**PROVIDED MATERIAL:**
════
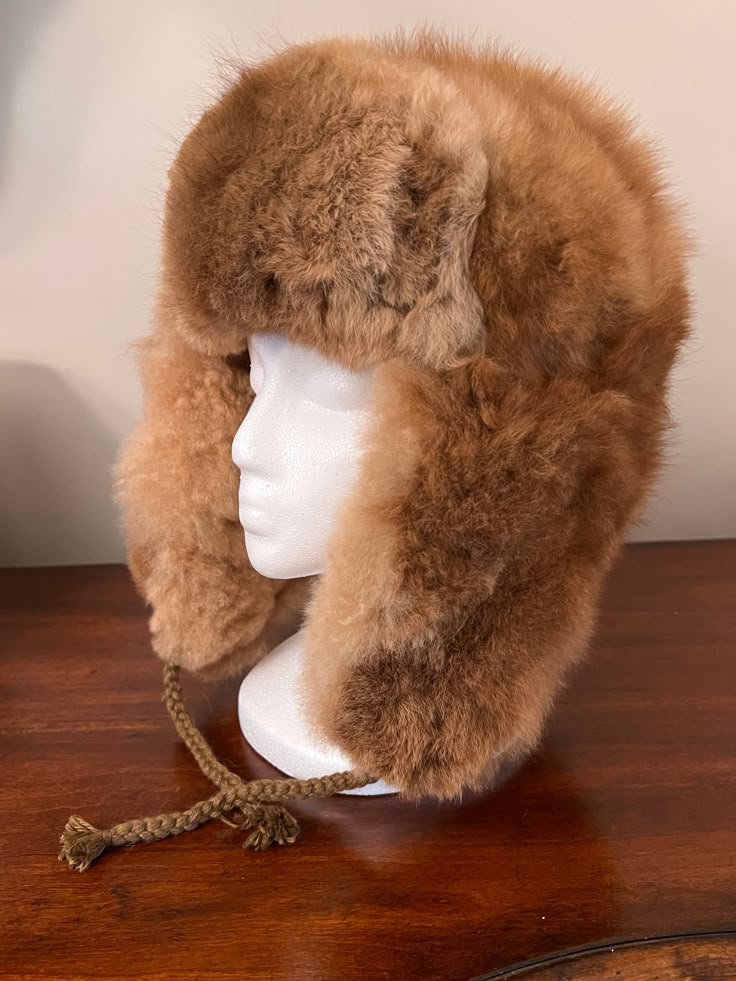 Experience ultimate luxury with our handmade Baby Alpaca Fur Trapper Hat. Crafted in the Andes region of Peru, this hat feels like a cozy cloud hugging your head. Perfect for outdoor activities like hiking, hunting, or living off-grid, it’s loved by hunters for its exceptional warmth—warmer than polar bear fur—while also regulating heat. Stay comfortable without overheating, as it adjusts to keep you warm when needed and cool when it’s not. The hypoallergenic baby alpaca fur on this Alpaca Fur T Adjustable Alpaca Hat For Outdoor, Warm Brown Hats For Outdoor Activities, Warm Brown Hat For Outdoor Activities, Alpaca Hat For Outdoor Winter Use, Sheepskin Hats With Ear Flaps For Outdoor, Sheepskin Outdoor Hat With Ear Flaps, Winter Outdoor Alpaca Hat, Brown Hats With Ear Flaps For Outdoors, Brown Hats With Ear Flaps For Outdoor Activities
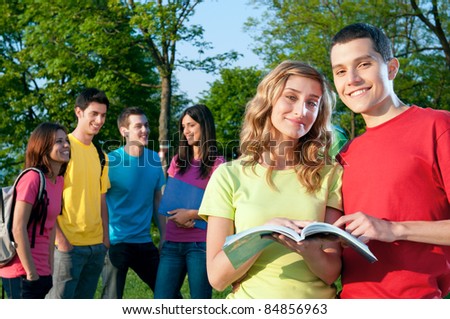 Smiling young group of students studying together outdoor at the college park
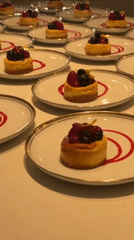 Elegant mini cheesecakes with berry garnishes served in Madrid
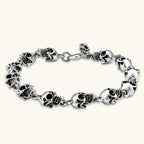 Silver stainless steel bracelet with linked 3D skull charms and a spring-ring clasp, oxidized black detailing, 225mm length.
════
**WHAT YOU NEED TO DO:** Every line from the one that holds "Elegant mini cheesecakes" to the end of the listing should be output exactly, with pictures left out, please.

**RESULT:**
 Elegant mini cheesecakes with berry garnishes served in Madrid
 Silver stainless steel bracelet with linked 3D skull charms and a spring-ring clasp, oxidized black detailing, 225mm length.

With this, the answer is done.